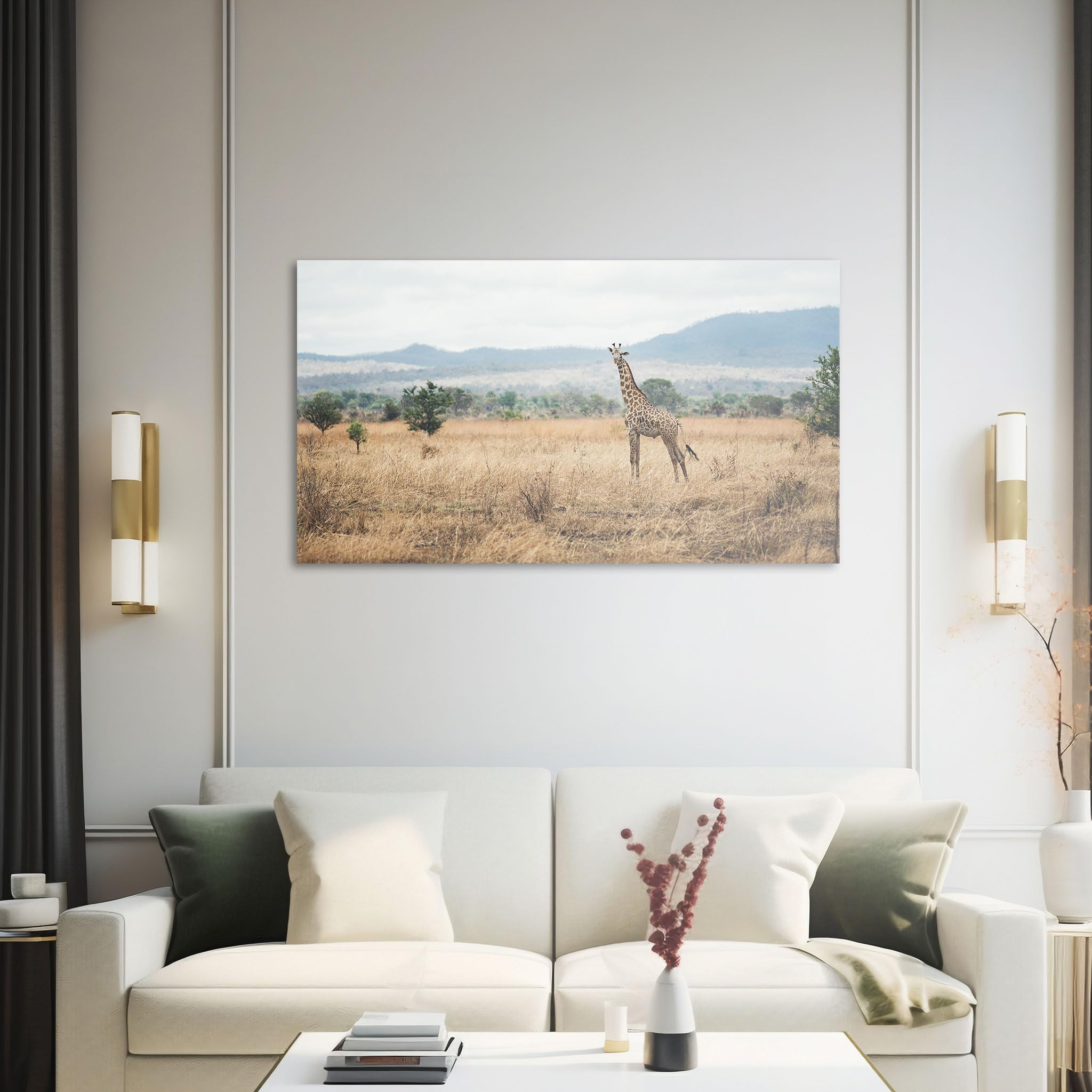 Hustling Sharks Wandbilder Giraffe in offener Savanne Leinwand 30x40 cm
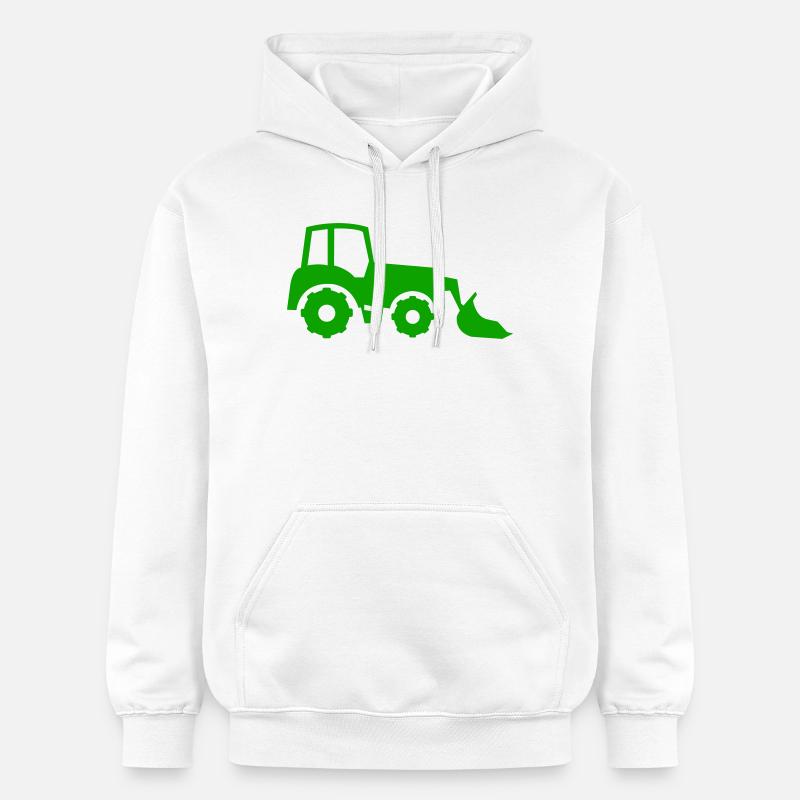 Tracteur vert avec silhouette de charrue - Sweat à capuche Softstyle® Gildan Unisexe - blanc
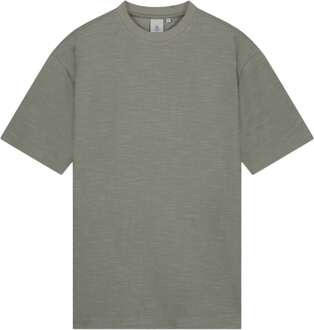 T-shirt ronde hals optic slub shadow green Groen - XL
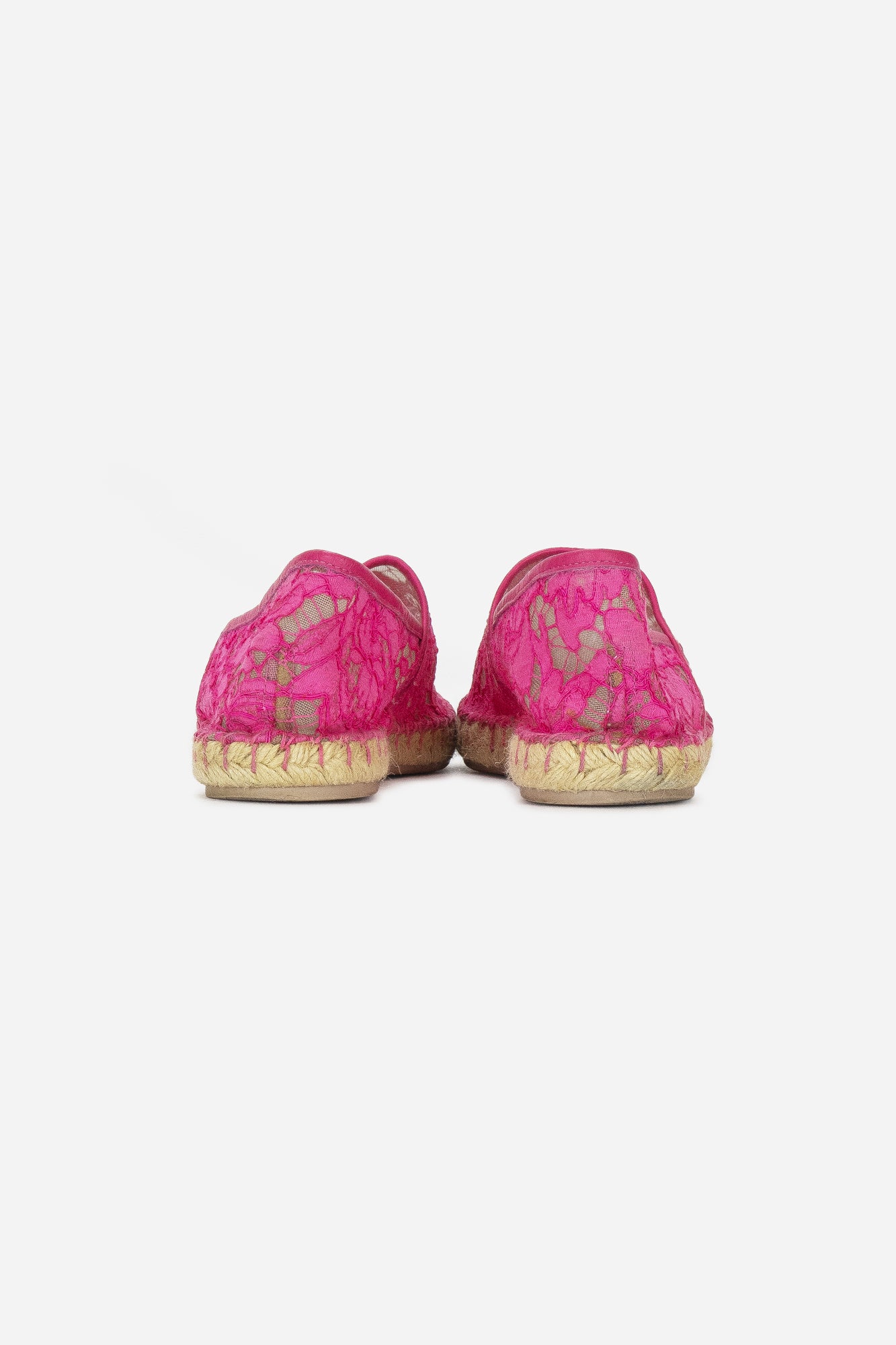 Pink Lace and Leather Espadrilles Flats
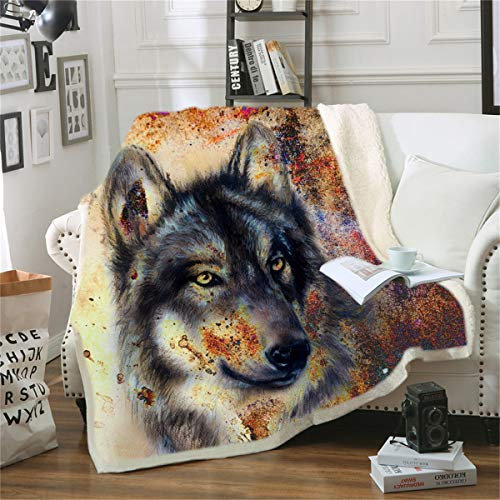 Fansu 3D Wolf Drucken Kuscheldecke Flanell Decke, Flauschig Weich und Warm Microfaser Leichte Plüsch Wohndecke Fleece Tagesdecke Decke für Sofa und Bett (150 x 200 cm,F)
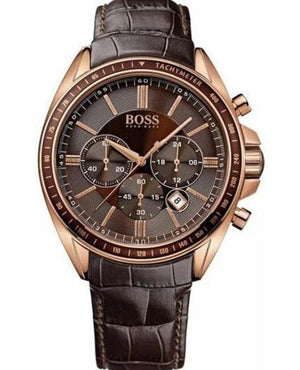Buy Shop Hugo Boss Driver Sport Chronograph Brown Dial Brown Leather Strap Watch for Men - 1513093 USA Online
--------------------------------------------------
Problem to solve.
From the line that contains "Fansu 3D Wolf" through the last line of the listing, copy each line exactly; both end lines stay in, and pictures stay out.

Response to the task.
 Fansu 3D Wolf Drucken Kuscheldecke Flanell Decke, Flauschig Weich und Warm Microfaser Leichte Plüsch Wohndecke Fleece Tagesdecke Decke für Sofa und Bett (150 x 200 cm,F)
Buy Shop Hugo Boss Driver Sport Chronograph Brown Dial Brown Leather Strap Watch for Men - 1513093 USA Online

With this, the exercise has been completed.